قال أبو عيسى حديث بن عباس حديث حسن صحيح غريب والعمل على هذا الحديث عند أهل العلم أن لكل أهل بلد رؤيتهم

 

Küreyb (r.a.)’den rivâyete göre, Ümmü’l Fadl binti Hârise’yi,

 

Muaviye Şam’a göndermişti. Şöyle diyor: Şam’a geldim Ümmü’l Fadl’ın isteğini yerine getirdim. Ben Şam’da iken Ramazan hilâli görülmüştü. Cuma gecesi hilâli gördük ayın sonlarında Medîne’ye geldim, İbn Abbâs bazı şeyler sordu ve hilâli ne zaman gördünüz dedi. Cuma gecesi gördük dedim. Cuma gecesi sen mi gördün dedi. Şam’lılar görüp oruç tuttular Muaviye’de oruç tuttu dedim. Bunun üzerine biz Cumartesi gecesi gördük dedi. Böylece otuz günü tamamlayıncaya kadar veya hilâli görünceye kadar oruçlu kalacağız. Dedi. O zaman ben Muaviye’nin oruç tutması ve hilâli görmesini yeterli görmüyor musun? Dedim, hayır dedi.
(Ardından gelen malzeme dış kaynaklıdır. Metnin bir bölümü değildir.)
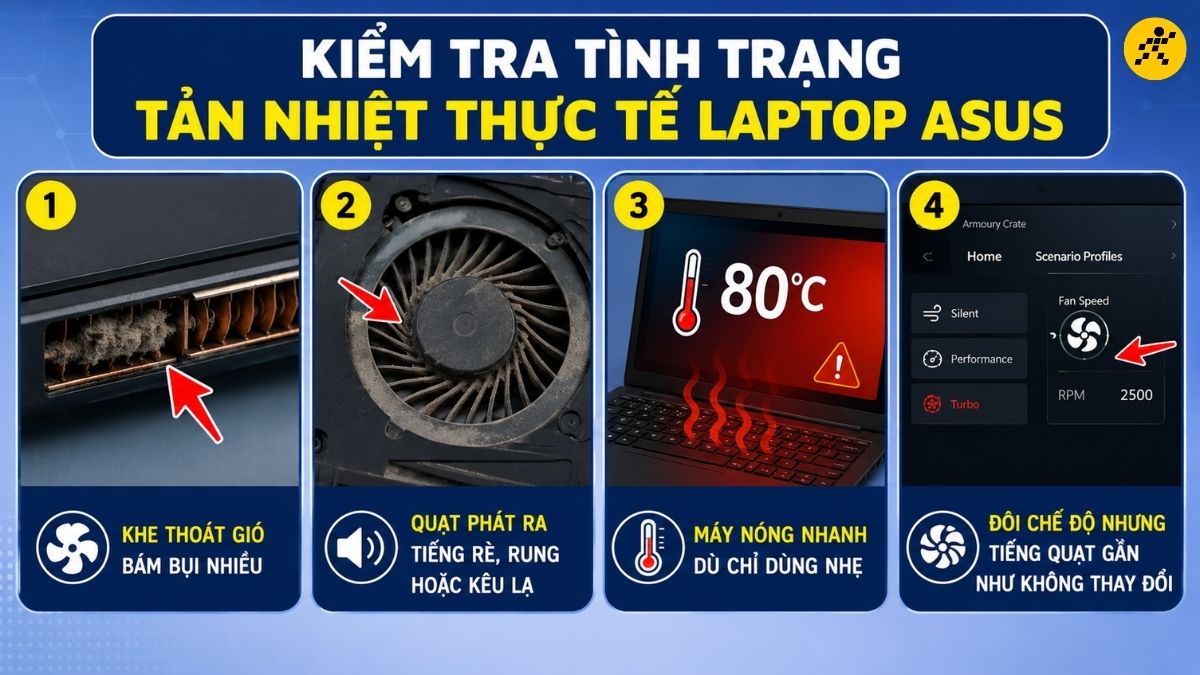 Kiểm tra tình trạng tản nhiệt thực tế Kiểm tra tình trạng tản nhiệt thực tế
Rasûlullah (s.a.v.) bize böylece emretti.

 

 

Diğer tahric: Müslim, Sıyam; Ebû Dâvûd, Savm

 

Tirmîzî: İbn Abbâs hadisi hasen sahih ğaribtir. İlim adamları bu hadise göre amel ederler ve “Her bölge halkının hilal’i görmeleri kendilerini ilgilendirir” derler.